(Beginning of SUPPLIED DATA)

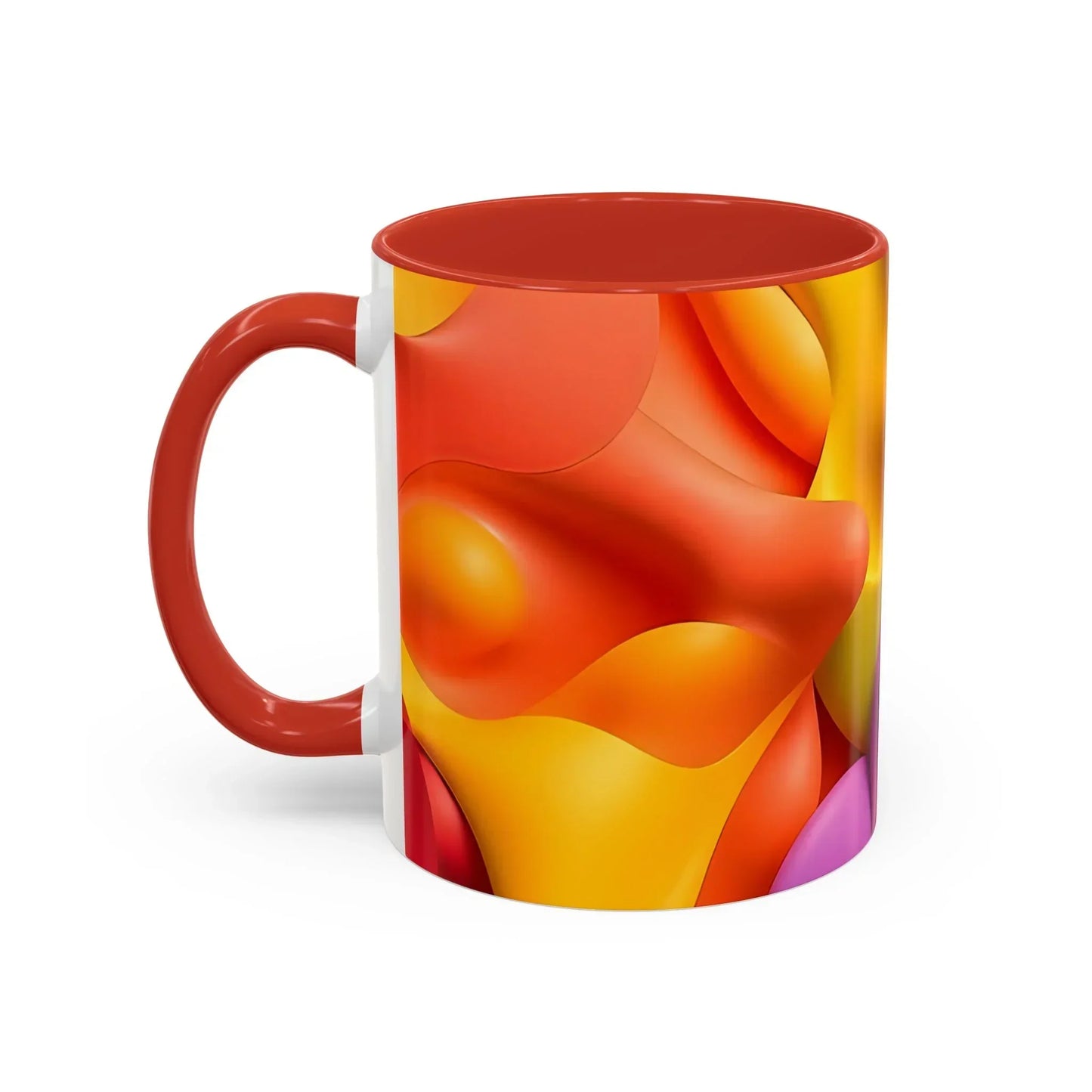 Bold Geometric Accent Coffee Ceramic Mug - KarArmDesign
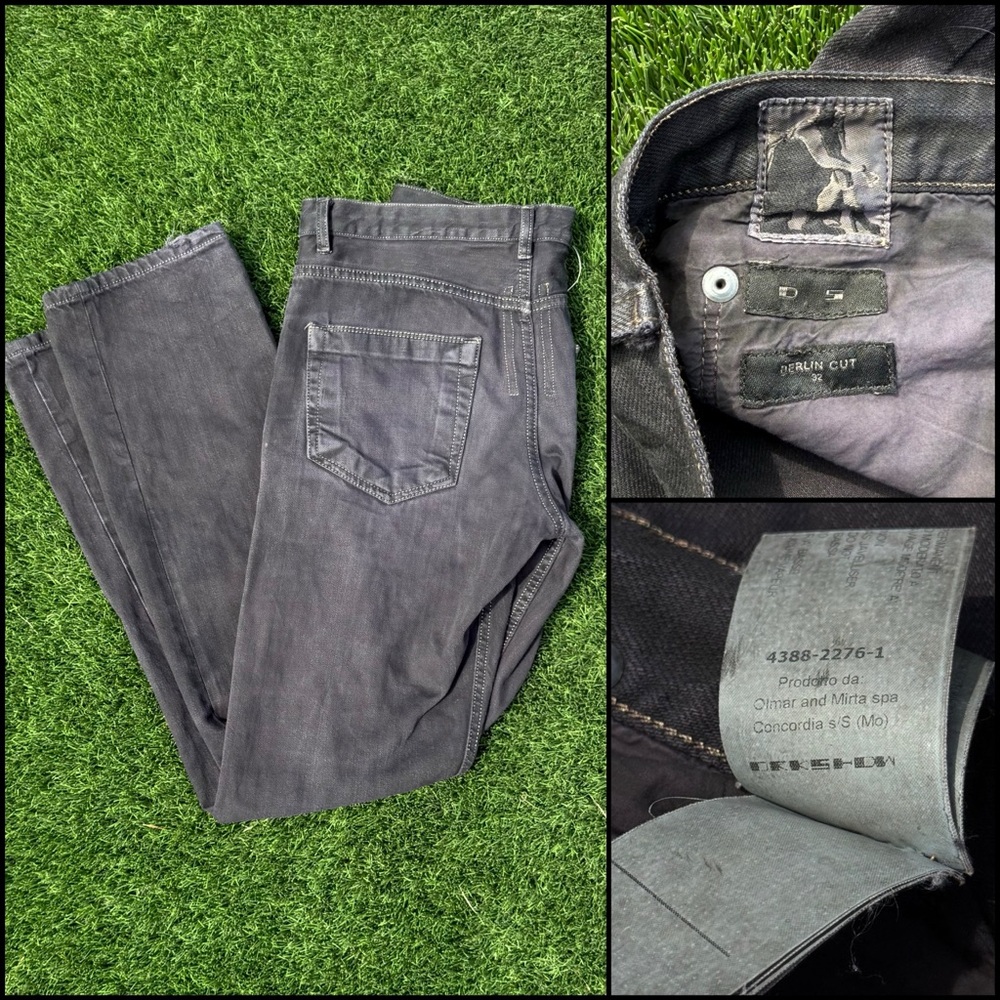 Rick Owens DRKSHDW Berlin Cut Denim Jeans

(End of SUPPLIED DATA)
(Beginning of SUPPLIED DATA)

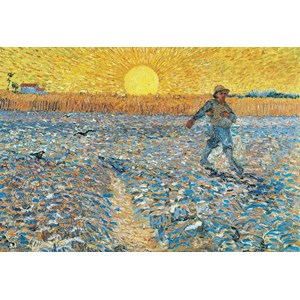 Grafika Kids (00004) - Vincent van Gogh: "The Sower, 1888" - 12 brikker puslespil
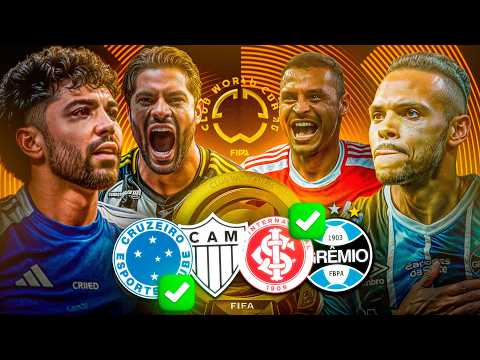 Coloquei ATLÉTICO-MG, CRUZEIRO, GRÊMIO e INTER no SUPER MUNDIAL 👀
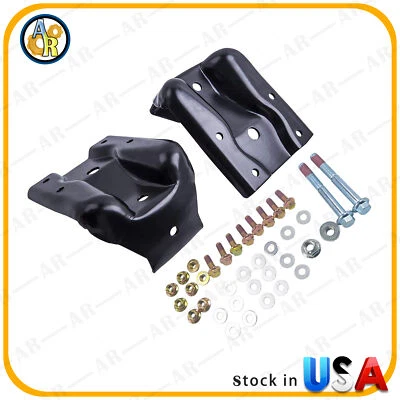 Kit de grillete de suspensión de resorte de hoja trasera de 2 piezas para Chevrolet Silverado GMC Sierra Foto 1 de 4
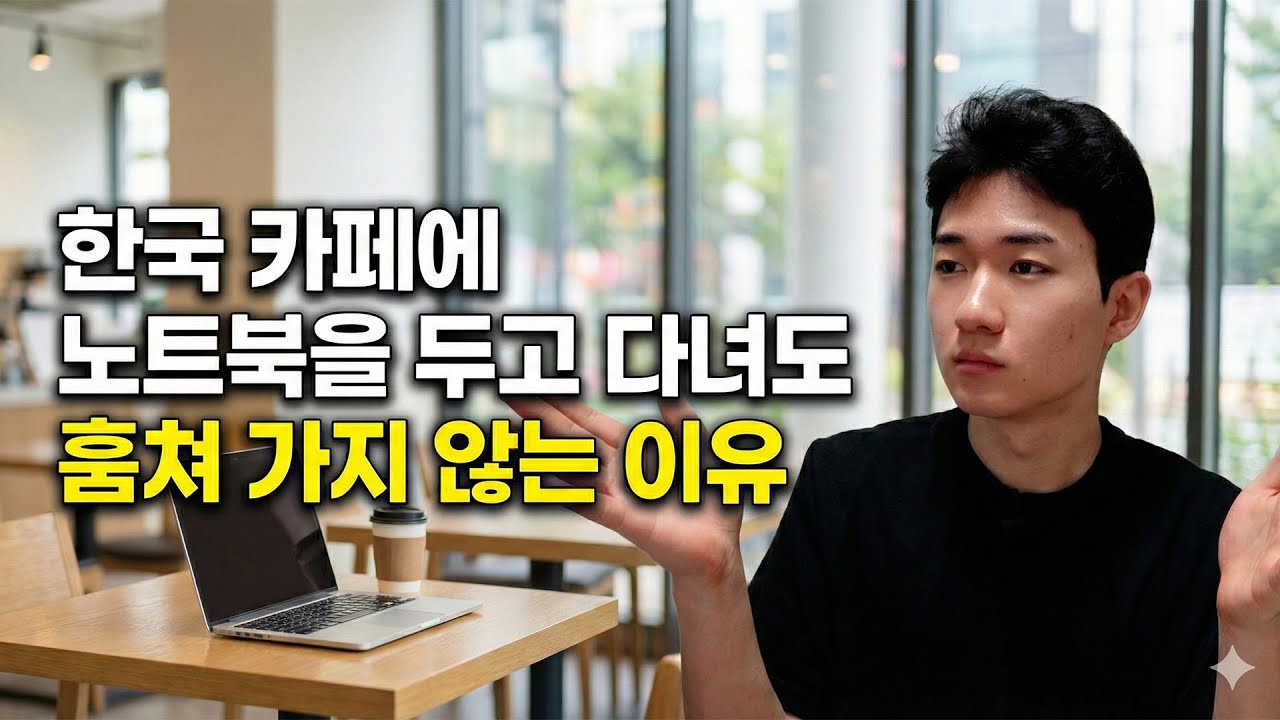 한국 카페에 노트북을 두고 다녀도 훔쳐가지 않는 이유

(End of SUPPLIED DATA)

• **WORK TO BE COMPLETED**: Write out the lines above from the one with "Bold Geometric Accent" through the one with "Rick Owens DRKSHDW Berlin Cut Denim Jeans", ends included, exactly; no picture goes in.

• **RESULT OF THIS EXERCISE**:
 Bold Geometric Accent Coffee Ceramic Mug - KarArmDesign
 Rick Owens DRKSHDW Berlin Cut Denim Jeans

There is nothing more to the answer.